I was rereading Kidnapped for the fourth time, which was fine entertainment early in the day but by dinnertime Elliot's and my room, which is on the third floor and has two big windows to the southwest, gets hot as Hades. If I went downstairs, Ma could not seem to help herself finding me something to do. I give her credit. She never hangs "the Devil has work for idle hands" over my head, but the end result is mighty similar. She'll need me to look after Letty for just a minute while she runs an errand, or ask if I would take Elliot fishing, or, if Pa happens to emerge from the study, suggests that he'd appreciate another hand in the garden.

Truth be told, I don't think Pa really fancies me as a fellow gardener. I think he prefers Elliot, who is content to do exactly as he's told and doesn't ask questions. Sometimes I watch Pa yank out weeds and wonder if he's named each one after a troublesome parishioner. He gets so much satisfaction tearing those roots from the soil and knocking all the dirt from the roots. For a man who can hardly bear to spank a child, he sure does enjoy beating on those weeds.

Ma says I have an overactive imagination, but I don't think I'm just fancying this, because one Monday morning I was watching him pull at a really stubborn weed, falling near over when it came loose. As he was smacking it hard against the ground to loosen the dirt, I said, innocent as a newborn lamb, "Deacon Slaughter was sure riled up about your praying for the Filipinos yesterday, wasn't he?" His face turned red as a winter sunset. I know a guilty face when I see it. Still, guilt doesn't seem at home on Pa's face. It creeps up and sneaks around uncomfortably, as though even guilt knows this is a man who is pure of heart—just one who's been pushed past human limits.

Politics have been giving Pa trouble for some time. First there was the war in Cuba to end Spanish tyranny, which Pa, smart as he is, didn't have the gumption not to question out loud. I had a hard time blaming Deacon Slaughter on that one. When Vermont boys is signing up to die, even preachers got to talk patriotic, don't they?

But Pa really got riled up when President McKinley decided as long as we were stomping out Spanish tyranny in Cuba, we might just as well drive the Spaniards out of Asia while we were at it. So he sends Admiral Dewey, who is lazing around the Pacific with nothing much to do, over to the Philippines. And a few months later those Filipinos, that our battleships have gone to save, they get uppity and start trying to save themselves from us.

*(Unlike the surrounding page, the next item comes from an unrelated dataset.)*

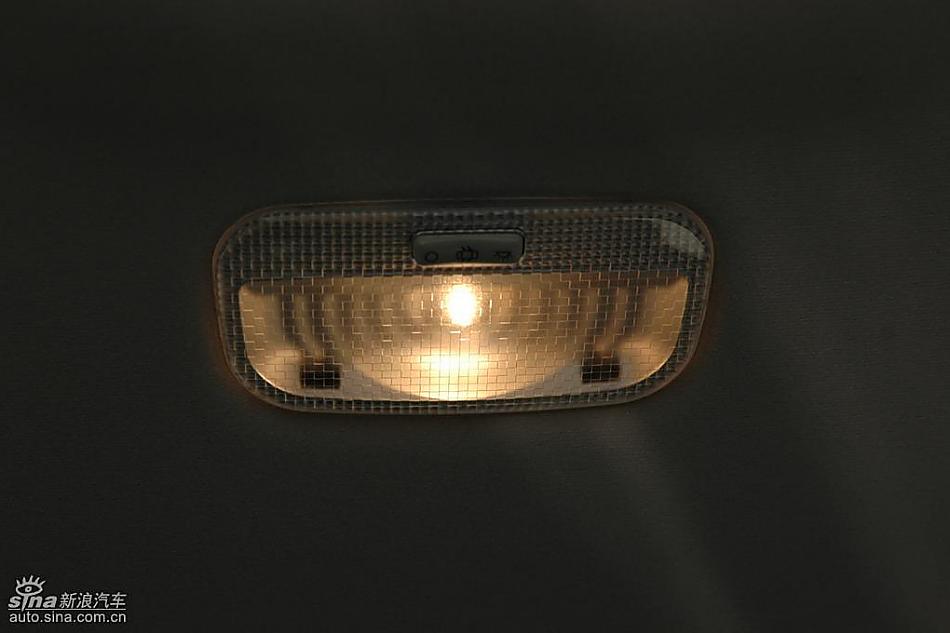 雪铁龙大C4毕加索实拍图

And Admiral Dewey, a good Vermonter, by the way, who is out there doing his best for Old Glory, not to mention the end of Spanish tyranny, suddenly finds himself fighting the very people he's come to rescue. And my pa can't seem to help praying for the Filipinos.

Even though I couldn't bring myself to ask him directly why he kept praying for the misery of the Filipino people to end, I guess he thought he owed me an explanation.

"They just want their freedom, Robbie. They may not think American guns are all that different from Spanish guns."